We began discussion of “The Yesterday Gambit” last time, having previously introduced Miracleman and discussed its first, second, and third chapters. We now turn to the story of Alan Moore’s “The Yesterday Gambit,” from Warrior #4.
The story begins in Silence, the sanctuary Miracleman builds for himself at the bottom of the Mariana Trench in Book Three. There, Moore doesn’t do much with the place. Miracleman builds it, over the course of a few pages, in chapter four. It’s destroyed, over the course of a few pages, in chapter five. Based on “The Yesterday Gambit,” we can surmise that Moore intended Silence to be more prominent than it otherwise became. Moore almost certainly intended it to be the hero’s equivalent of Superman’s Fortress of Solutude, only located at the ocean’s deepest point rather than in the arctic – a logical improvement, keeping the sanctuary on Earth but moving it far more effectively away from human hands.
The depiction of Silence in “The Yesterday Gambit” differs from its presentation in Moore’s later Book Three. There, it seems gloomy, cavernous, and dark – otherworldly, even. Miracleman can see even at such depths and isn’t shown making any attempt at lighting. In “The Yesterday Gambit,” Silence is far more conventional. Steve Dillon, no doubt following Moore’s instructions, depicts both its exterior much more like a formidable human building, echoing the association with Superman’s “Fortress” of Solitude. Moore’s caption, along with Dillon’s art, indicate that the structure’s exterior is lit artificially, despite its depth. Silence’s interior also looks like a human structure, despite its grandiose design, and it’s clearly filled with air, not with water.
In the years between “The Yesterday Gambit” and Book Three, Moore thought better of this. He realized that it was illogical for Miracleman to illuminate his secret hideout, despite the cool visual this might allow. Similarly, Miracleman had no need to fill his underwater sanctuary with air. Given this, why follow human architectural designs so slavishly? In Book Three, Moore seems to have been able to better imagine how a truly superhuman mind would act than he was capable of doing in 1982.
The story is clearly from the start intended to be a flash-forward. “The Yesterday Gambit” takes place in 1985, which the captions call “a twilight future some three years hence.” Clearly, Alan Moore believed that he’d be wrapping up his planned story by that point, although he wouldn’t do so until 1988 – twice as long as planned.

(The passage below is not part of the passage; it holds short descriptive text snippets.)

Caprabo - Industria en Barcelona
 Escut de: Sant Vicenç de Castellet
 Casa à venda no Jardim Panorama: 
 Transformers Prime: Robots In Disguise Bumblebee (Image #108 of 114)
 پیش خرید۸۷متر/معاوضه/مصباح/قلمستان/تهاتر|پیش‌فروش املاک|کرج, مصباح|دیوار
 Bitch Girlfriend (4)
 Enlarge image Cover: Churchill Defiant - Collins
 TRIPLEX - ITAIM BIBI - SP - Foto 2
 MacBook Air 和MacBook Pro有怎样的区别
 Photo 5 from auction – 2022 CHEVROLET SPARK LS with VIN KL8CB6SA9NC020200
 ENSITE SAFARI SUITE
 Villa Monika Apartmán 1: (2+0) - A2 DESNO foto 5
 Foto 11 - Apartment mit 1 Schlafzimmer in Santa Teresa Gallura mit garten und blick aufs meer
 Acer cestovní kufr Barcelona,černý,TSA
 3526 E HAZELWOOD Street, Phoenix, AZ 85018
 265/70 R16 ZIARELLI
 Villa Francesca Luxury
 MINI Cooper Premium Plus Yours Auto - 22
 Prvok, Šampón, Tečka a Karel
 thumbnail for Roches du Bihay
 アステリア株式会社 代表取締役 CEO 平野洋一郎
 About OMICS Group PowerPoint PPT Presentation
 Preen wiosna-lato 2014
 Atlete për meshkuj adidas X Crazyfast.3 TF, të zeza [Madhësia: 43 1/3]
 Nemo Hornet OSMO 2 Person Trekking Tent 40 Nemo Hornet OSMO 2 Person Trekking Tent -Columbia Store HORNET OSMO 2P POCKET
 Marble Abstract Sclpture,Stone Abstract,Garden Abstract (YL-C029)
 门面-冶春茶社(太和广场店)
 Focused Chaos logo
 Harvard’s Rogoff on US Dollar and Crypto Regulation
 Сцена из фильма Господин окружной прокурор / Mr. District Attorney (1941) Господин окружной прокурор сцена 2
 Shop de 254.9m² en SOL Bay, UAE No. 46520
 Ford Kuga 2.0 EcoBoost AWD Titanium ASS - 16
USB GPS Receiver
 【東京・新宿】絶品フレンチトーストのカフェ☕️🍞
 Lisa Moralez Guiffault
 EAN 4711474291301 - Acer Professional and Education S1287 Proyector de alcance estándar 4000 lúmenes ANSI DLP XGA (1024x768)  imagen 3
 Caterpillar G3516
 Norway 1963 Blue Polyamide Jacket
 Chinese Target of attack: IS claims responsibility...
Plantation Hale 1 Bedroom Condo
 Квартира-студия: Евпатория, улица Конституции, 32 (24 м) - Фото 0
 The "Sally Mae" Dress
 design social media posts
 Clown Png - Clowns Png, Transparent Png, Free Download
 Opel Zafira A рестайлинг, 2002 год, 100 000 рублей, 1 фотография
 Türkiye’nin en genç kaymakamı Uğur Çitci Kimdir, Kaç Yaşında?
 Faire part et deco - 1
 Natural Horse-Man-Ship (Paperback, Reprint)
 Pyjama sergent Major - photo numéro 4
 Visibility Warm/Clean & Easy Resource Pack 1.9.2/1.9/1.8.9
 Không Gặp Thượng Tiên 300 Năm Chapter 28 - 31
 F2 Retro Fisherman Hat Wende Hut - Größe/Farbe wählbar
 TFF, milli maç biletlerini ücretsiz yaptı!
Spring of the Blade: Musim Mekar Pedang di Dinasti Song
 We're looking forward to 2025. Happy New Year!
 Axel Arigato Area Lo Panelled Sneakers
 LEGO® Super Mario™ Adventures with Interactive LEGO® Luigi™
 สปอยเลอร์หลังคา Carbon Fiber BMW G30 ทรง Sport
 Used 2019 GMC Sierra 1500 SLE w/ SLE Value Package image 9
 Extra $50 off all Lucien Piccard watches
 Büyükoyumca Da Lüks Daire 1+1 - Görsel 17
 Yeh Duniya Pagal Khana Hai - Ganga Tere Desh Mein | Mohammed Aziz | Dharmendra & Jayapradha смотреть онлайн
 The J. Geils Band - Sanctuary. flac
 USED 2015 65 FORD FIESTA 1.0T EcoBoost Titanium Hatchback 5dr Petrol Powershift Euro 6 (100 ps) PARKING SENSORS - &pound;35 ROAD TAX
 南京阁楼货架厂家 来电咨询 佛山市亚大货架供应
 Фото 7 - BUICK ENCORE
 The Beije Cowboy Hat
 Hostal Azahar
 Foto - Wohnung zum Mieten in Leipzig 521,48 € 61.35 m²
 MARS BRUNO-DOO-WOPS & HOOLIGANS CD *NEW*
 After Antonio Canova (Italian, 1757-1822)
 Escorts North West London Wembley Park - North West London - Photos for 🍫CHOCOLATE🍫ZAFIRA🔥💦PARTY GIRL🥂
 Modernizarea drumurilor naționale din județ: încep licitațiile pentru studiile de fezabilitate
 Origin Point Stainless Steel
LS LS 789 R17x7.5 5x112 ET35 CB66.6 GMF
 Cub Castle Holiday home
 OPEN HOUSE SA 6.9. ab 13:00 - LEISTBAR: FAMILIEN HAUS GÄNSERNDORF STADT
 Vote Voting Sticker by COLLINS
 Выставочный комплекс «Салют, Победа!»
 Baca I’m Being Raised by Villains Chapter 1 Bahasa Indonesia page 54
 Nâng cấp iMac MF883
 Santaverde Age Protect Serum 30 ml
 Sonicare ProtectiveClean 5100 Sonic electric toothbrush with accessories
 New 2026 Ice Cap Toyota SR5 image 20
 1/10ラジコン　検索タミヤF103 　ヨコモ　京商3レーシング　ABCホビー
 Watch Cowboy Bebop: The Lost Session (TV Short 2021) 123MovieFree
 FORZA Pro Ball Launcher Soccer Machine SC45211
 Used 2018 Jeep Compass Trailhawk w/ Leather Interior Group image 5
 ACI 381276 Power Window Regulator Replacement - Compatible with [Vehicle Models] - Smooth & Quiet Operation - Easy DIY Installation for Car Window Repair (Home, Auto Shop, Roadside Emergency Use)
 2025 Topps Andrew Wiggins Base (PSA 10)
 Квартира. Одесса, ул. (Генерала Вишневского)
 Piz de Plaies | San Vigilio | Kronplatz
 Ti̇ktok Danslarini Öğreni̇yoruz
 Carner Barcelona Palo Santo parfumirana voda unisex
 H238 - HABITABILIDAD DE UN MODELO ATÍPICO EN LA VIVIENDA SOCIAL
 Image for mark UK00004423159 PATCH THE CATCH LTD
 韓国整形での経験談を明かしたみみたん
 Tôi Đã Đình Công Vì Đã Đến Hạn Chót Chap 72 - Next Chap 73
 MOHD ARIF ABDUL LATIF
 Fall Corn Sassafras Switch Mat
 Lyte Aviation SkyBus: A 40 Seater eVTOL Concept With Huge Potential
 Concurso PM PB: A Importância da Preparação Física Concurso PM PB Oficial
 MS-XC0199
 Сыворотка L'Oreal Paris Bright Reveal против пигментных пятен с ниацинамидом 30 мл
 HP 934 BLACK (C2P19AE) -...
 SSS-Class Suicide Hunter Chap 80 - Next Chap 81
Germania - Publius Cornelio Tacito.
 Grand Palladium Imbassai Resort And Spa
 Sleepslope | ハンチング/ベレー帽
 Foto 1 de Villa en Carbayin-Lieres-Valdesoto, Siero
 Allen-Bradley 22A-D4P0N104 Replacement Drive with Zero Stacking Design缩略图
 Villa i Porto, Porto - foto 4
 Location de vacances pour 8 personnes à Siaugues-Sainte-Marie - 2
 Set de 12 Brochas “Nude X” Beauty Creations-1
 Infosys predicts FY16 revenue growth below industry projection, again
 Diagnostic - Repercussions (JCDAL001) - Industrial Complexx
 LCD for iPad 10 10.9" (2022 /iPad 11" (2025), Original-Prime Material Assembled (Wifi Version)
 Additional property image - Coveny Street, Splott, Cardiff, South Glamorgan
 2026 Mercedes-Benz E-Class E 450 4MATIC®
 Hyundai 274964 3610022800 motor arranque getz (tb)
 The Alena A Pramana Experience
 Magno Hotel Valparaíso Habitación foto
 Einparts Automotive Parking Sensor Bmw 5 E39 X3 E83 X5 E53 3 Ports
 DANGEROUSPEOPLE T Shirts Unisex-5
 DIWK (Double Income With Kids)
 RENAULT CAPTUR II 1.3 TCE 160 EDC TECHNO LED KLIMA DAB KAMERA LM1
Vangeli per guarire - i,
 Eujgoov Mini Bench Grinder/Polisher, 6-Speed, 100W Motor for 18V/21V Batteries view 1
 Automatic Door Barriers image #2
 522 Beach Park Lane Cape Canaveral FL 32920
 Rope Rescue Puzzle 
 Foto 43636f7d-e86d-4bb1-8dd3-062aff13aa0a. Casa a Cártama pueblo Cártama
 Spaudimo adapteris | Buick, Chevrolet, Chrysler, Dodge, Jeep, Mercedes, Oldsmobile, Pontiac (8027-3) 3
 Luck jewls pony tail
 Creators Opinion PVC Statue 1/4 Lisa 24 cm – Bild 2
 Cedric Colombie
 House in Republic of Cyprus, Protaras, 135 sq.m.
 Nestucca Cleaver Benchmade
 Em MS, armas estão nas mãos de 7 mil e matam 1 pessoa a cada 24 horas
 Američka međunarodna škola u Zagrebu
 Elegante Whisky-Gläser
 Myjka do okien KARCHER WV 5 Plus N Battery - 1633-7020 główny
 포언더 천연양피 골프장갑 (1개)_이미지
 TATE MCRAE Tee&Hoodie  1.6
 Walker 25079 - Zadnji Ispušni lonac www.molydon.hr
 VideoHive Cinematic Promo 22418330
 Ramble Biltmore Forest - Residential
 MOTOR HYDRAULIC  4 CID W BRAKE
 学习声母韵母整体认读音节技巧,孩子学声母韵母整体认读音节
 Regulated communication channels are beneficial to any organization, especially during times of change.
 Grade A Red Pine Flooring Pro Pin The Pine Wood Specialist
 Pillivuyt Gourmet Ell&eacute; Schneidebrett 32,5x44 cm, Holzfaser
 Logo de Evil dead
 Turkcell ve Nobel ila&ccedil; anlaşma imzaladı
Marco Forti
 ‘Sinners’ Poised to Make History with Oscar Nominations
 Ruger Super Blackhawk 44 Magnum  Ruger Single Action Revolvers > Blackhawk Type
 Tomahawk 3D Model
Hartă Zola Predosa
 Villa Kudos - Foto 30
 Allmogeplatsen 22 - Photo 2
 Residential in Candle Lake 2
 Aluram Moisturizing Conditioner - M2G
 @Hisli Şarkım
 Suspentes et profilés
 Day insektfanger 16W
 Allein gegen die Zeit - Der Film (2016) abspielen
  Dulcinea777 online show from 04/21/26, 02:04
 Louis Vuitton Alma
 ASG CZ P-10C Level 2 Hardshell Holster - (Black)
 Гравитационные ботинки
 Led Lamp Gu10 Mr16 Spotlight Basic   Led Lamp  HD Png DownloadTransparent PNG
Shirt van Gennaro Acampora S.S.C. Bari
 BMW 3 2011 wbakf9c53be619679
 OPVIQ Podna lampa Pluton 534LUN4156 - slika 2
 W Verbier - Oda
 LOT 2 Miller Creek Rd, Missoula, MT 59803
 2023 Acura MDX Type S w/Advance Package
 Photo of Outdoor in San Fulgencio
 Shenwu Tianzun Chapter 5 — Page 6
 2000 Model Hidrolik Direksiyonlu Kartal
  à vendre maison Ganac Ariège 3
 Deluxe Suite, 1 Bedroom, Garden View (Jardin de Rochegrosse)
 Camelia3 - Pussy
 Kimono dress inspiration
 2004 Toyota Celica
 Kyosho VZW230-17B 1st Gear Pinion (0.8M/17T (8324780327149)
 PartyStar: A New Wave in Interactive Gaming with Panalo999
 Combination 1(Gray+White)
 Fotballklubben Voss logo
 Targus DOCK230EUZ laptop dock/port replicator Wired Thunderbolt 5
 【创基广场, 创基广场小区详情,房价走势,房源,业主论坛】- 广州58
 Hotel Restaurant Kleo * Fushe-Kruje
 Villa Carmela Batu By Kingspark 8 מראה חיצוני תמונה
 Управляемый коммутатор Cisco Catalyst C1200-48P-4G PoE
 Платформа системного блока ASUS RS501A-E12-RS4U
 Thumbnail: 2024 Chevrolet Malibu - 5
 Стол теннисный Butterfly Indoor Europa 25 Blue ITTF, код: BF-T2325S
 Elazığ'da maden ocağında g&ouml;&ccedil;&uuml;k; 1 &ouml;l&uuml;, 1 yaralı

Such delays are common in the arts, which seem to always take longer than planned. But it’s worth noting that, while Moore learned to slow the story’s pace after its early, rushed chapters, Moore couldn’t have anticipated the bulk of his story’s delays. The idea that Moore would conclude his story in 1985 seemed perfectly reasonable in 1982.
The situation, as the story opens, is ambiguous. A caption tells us that it depicts Miracleman and Warpsmith “begin[ning] their struggle to save a world.” On the second page, Warpsmith goes further, saying, “If we fall, my friend, many worlds fall with us.” The extent of the story’s stakes are therefore established from the start, although the circumstances of the threat are unclear.
Miracleman welcomes an injured Warpsmith to Silence, indicating that Warpsmith hasn’t been there previously. That doesn’t contradict Book Three, as Moore eventually wrote it.
Asked about his injured arm, Warpsmith explains, “Warping here from the heart of that inferno has melted part of the derma-circuitry.” Presumably, Warpsmith therefore possesses the power of teleportation, by which he and Miracleman were transported to silence.
The location of “that inferno” remains unclear. Its cause is alluded to as Warpsmith says, “Firedrake and the others cannot contain the enemy for long.” Miracleman speculates that “Firedrake’s flame-out may have killed” their enemy, a possibility Warpsmith discounts. Clearly, Warpsmith is only one of several other super-heroes who would join Miracleman. This also doesn’t contradict Book Three: in chapter five, Firedrake’s attack is clearly depicted.
Miracleman and Warpsmith’s motivation is slightly less ambiguous. They rush to Silence’s “chrono-phaser,” which Miracleman says he’s “set […] up in accordance with [Warpsmith’s] instructions.” It is, for all intents and purposes, a time machine. This is another indication that Moore originally envisioned Silence as parallel to Superman’s Fortress of Solitude, where Superman kept (along with mementos and the like) strange and alien technological devices.
Miracleman neatly summarizes, “Our mission is to trap a massive field of energy in warpspace, ready to unleash at will against our enemy.” “To obtain such a vast burst of raw kinetic energy,” as Warpsmith puts it, Miracleman explains that they will “engineer a physical clash” between different versions of himself, whom he calls “the most powerful source of energy readily available.” Warpsmith will somehow “contain the energies thus released.”
It is, of course, the silliest of comic-book plots. Surely, such technology, capable of traveling through time and containing vast energies, would have a more ready source for those energies than such a melodramatic conflict. Why would such a “physical clash” be necessary? And given the super-hero family to which these characters allude, is no one so strong as Miracleman’s past selves? That’s certainly not the case, in Moore’s later Miracleman, in which Warpsmith and the rest of the Miracleman Family is very much Miracleman’s equal, if not superior. The plot makes no sense, but it’s really only a dress for the joy of watching alternate versions of Miracleman hitting one another.
And of course, for an exploration of Miracleman’s history. That’s an odd subject, for what was only the fourth story in a series. Fortunately, as Warpsmith puts it, “The timefield will permit us [only] two excursions into your past.” Warpsmith leaves the selection of these two temporal destinations to Miracleman, who announces that his first choice is 12 February 1963, when the Miracleman Family was killed by the exploding spaceship.
It’s an obvious choice, given that it’s the only past event the series has dwelled upon. Of the three chapters published before this story, two explored this event: chapter one, through Miracleman’s dream, and chapter two, during Miracleman’s discussion of his past with Liz. Still, this will be the only time in the series that those events are depicted objectively, rather than through the filter of memory.